3R System iCEAGE IA500HP80 power supply specs include:

• ATX12V 2.3
• Nominal labeled power: 500 W.
• Measured maximum power: 608.7 W at 45.4º C.
• Labeled efficiency: 80%
• Measured efficiency: Between 79.5% and 83.6% at 115 V (nominal, see complete results for actual voltage).
• Active PFC: No.
• Modular Cabling System: No.
• Motherboard Power Connectors: One 20/24-pin connector and two ATX12V connectors that together form an EPS12V connector.
• Video Card Power Connectors: Two six/eight-pin connectors in separated cables.
• SATA Power Connectors: Six in two cables.
• Peripheral Power Connectors: Four in two cables.
• Floppy Disk Drive Power Connectors: One.
• Protections: Information not available.
• Warranty: Information not available.
• More Information: http://www.3rsys.com
• Average price in the US: This product is not sold in the USA.

Conclusions

Like the 450 W version, 3R System iCEAGE IA500HP80 surprised us. Although being clearly a low-cost power supply, it could achieve efficiency above 80% when we pulled up to 400 W (peaking 83.6%). At full load (500 W) efficiency was at 79.5%. These are fantastic results for a power supply without 80 Plus certification. These 450 W and 500 W power supplies from 3R System are the only units without PFC circuit that we’ve seen achieving such performance – which was possible thanks to the use of a two-transistor forward switching circuit, and also these are the only two power supplies without PFC circuit we’ve seen using this modern design.

Voltage regulation was superb, with all voltages within 3% from their nominal values (including the -12 V output) – i.e., values closer to their “face value” than required, as the ATX12V specification allows voltages to be within 5% from their nominal values (10% for -12 V). The only exception was +5 V when we pulled 500 W from it, which was still within the required 5% tolerance.
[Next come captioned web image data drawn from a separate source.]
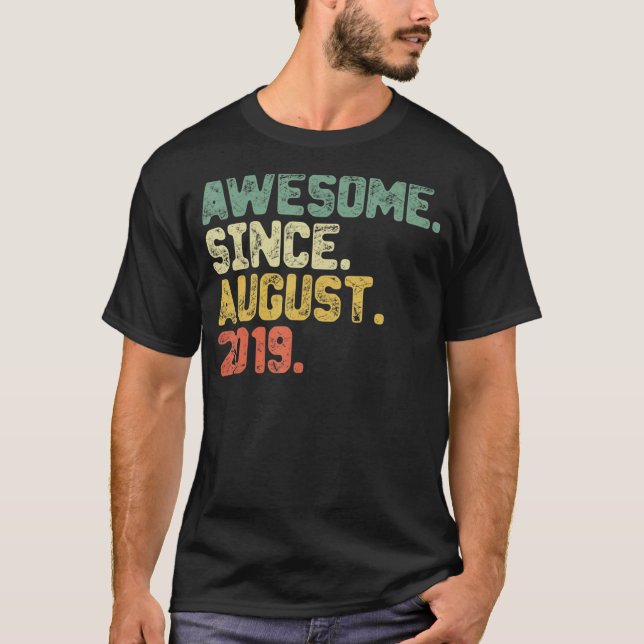 3 Years Old  Awesome Since August 2019 3rd Birthda T-Shirt (Front)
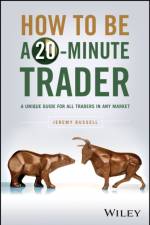 How to Be a 20-Minute Trader af Jeremy Russell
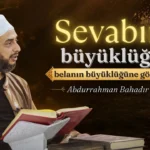 Sevabın büyüklüğü belanın büyüklüğüne göredir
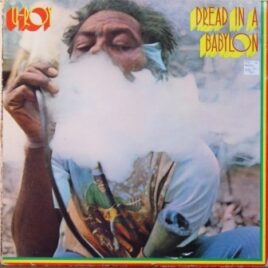 U-Roy – Dread in a Babylon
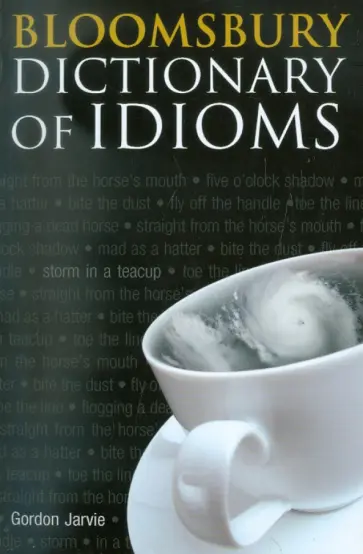 Gordon Jarvie - Bloomsbury Dictionary of Idioms Gordon Jarvie - Bloomsbury Dictionary of Idioms обложка книги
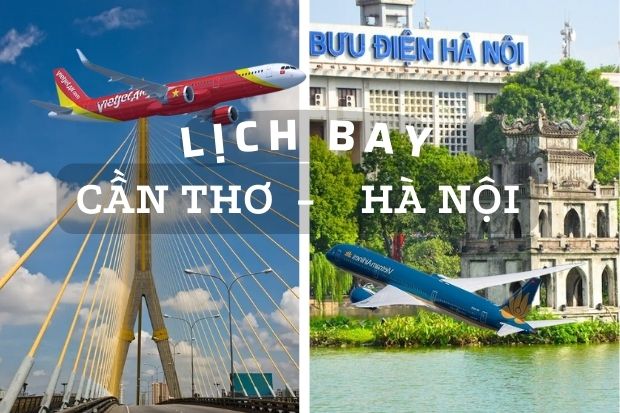 Tình hình lịch bay Cần Thơ Hà Nội 2024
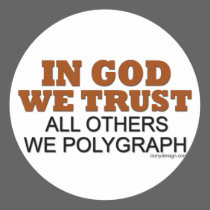 In God We Trust. All Others We Polygraph! stickers by ironydesign In God We Trust. All Others We Polygraph! stickers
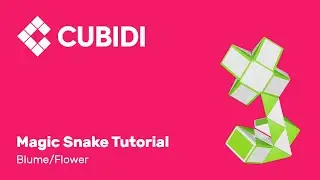 CUBIDI Magic Snake Tutorial &ndash; How To &ndash; 24 &ndash; Anleitung Blume Magic Snake Puzzle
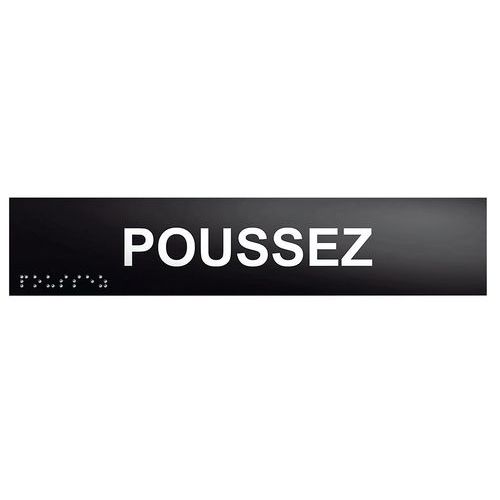 PLAQUE DE PORTE BRAILLE ET RELIEF POUSSEZ 25X5CM NOIRE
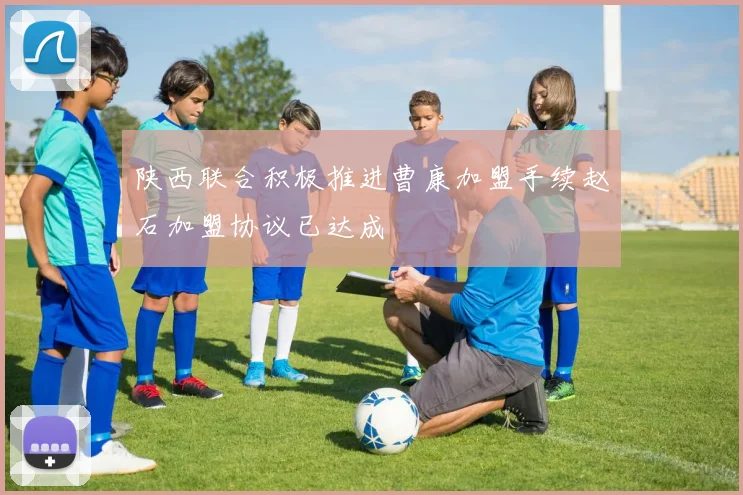 陕西联合积极推进曹康加盟手续赵石加盟协议已达成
Noise and ripple were always very low, except at +3.3 V when we pulled the full 500 W from this unit – something that also happened with the 450 W model, so this is a particular characteristic from the project used. This is the only reason we are giving it our Silver Award instead of Golden.

Although the 450 W and 500 W units are based on the same project, 3R System upgraded the rectifying bridge, the switching transistors and the +12 V rectifiers on the 500 W. This is the correct approach. Usually on low-cost power supplies the manufacturer only upgrades the +5 V rectifier, which doesn’t make any sense at all nowadays, since most power is pulled from +12 V (because that is where the CPU and the video cards are connected to).

For the user on budget living in a country where this power supply is available, this unit is a terrific option, presenting a terrific performance for its price.